One of the criticisms often levelled against atheists is that they dismiss the idea of a cosmology involving a transcendent reality ‘beyond’ normal existence and day to day waking awareness. In particular, the notion that this ‘beyond’ might be populated by giant gaseous beings with super powers is treated with appropriate disdain. Amongst those who do have such beliefs however, these beliefs are supported and reinforced by individual, social, and institutional practices that are (ideally) coherently integrated into the cosmology such that these practices; prayer, meditation, rituals etc, ‘make sense’. And whilst these practices may bring other benefits or have other effects, to do with individual health and happiness, or with social cohesion for example, these other effects are not ultimately seen as the point of the practices and would likely be considered indulgent or cynical if carried out for these reasons alone.

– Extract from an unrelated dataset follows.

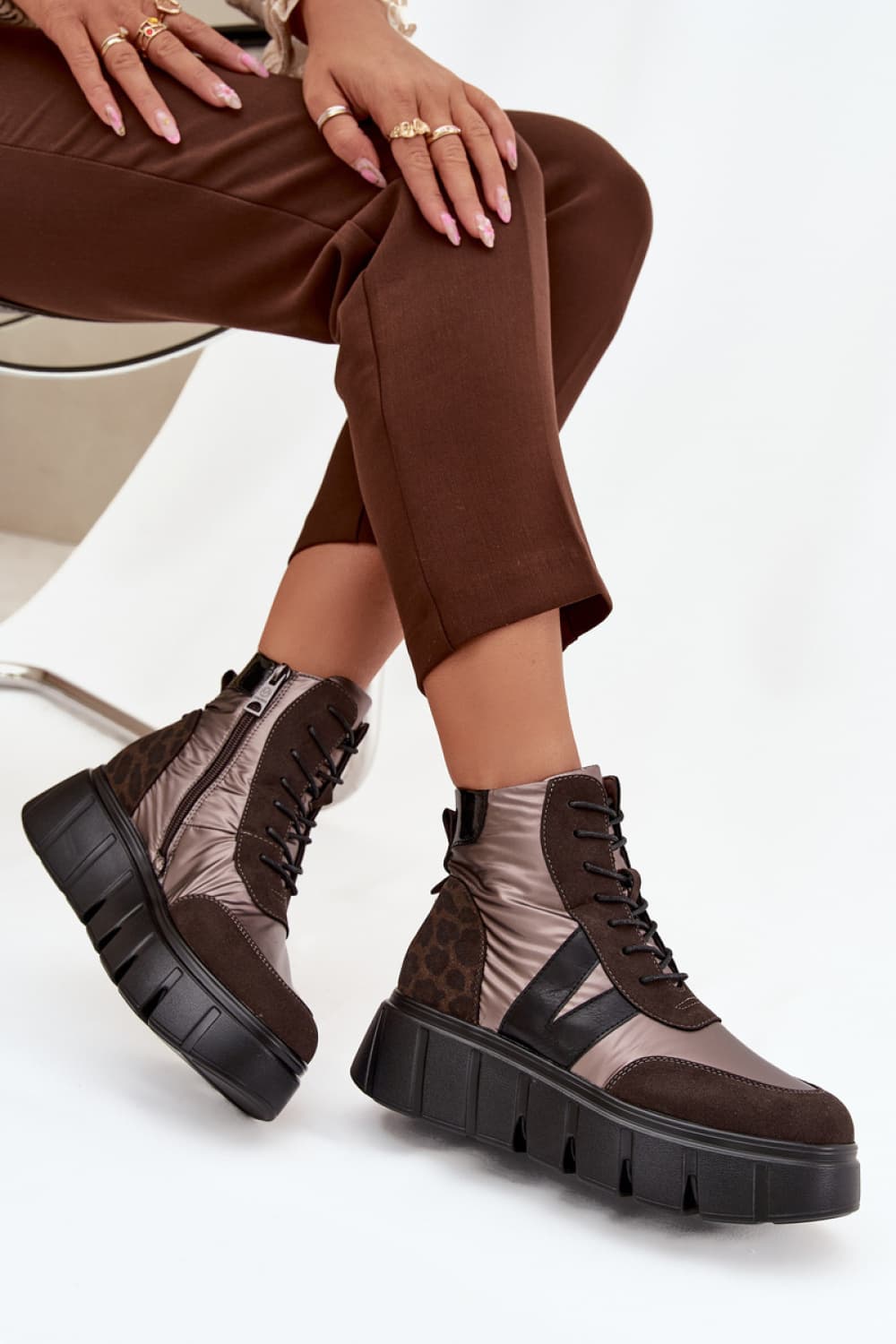 Stivaletti con plateau model 222521 Step in style
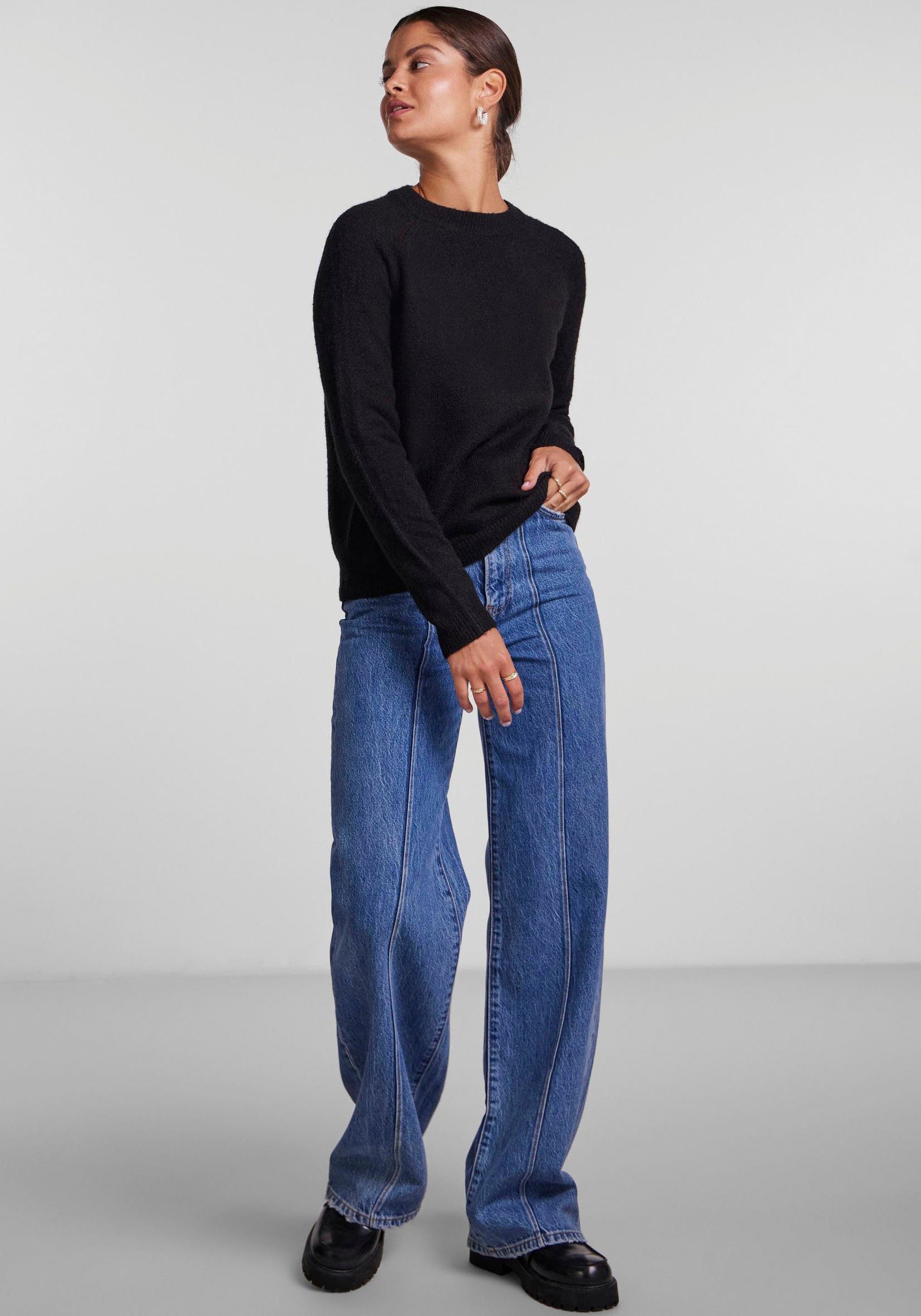 pieces Gebreide trui PCJULIANA LS O-NECK KNIT NOOS BC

Recent writing by Sam Harris, the author of ‘The End of Faith’ and ‘Letter to a Christian Nation’, unusually for work which is critical of theism, does acknowledge and even praise what might be referred to as spiritual practices. He recognises that many individuals within all cultures have experience of forms of consciousness which are so distinct from normal waking awareness that they seem to require special attention (as distinct from unusual states of consciousness which are less worthy; drunkenness, coma, drug-induced hallucinatory states for example). Meditation particularly is given considerable airtime as a practice which, even if divorced completely from any supernatural connections, can still be of value. It is worthwhile considering what this value might be however, and what role such practice might serve. Without its holistic relationship to an overarching cosmology meditation can ultimately only be a self-help technique. Useful and transformative undoubtedly, but only at the level of the individual and then only within the narrow framework of individual spiritual knowledge. Meditative practice does not, for example, allow one to experience or connect to secular cosmologies provided by physics, astrophysics, evolutionary biology, etc. To the extent that it connects to rational scientifically valid knowledge at all it is to psychology and neuroscience; and as interesting and research-worthy as this may be it is a long way short of the ambitions of religious contemplatives.

It seems to me therefore that there are two possible courses of action which follow from this. Either we can accept the limitations imposed by a secular account of spiritual practice, that whatever intuitions and feelings may be produced by such practice it does not somehow connect one mystically to the workings of the universe. Alternatively we can construct a new interpretation of meditation experiences such that its intuitions match up to the best that rational science can offer, presumably, given the developing state of scientific endeavour, a non-dogmatic, evolving interpretation, a kind of open-source spiritual cosmology.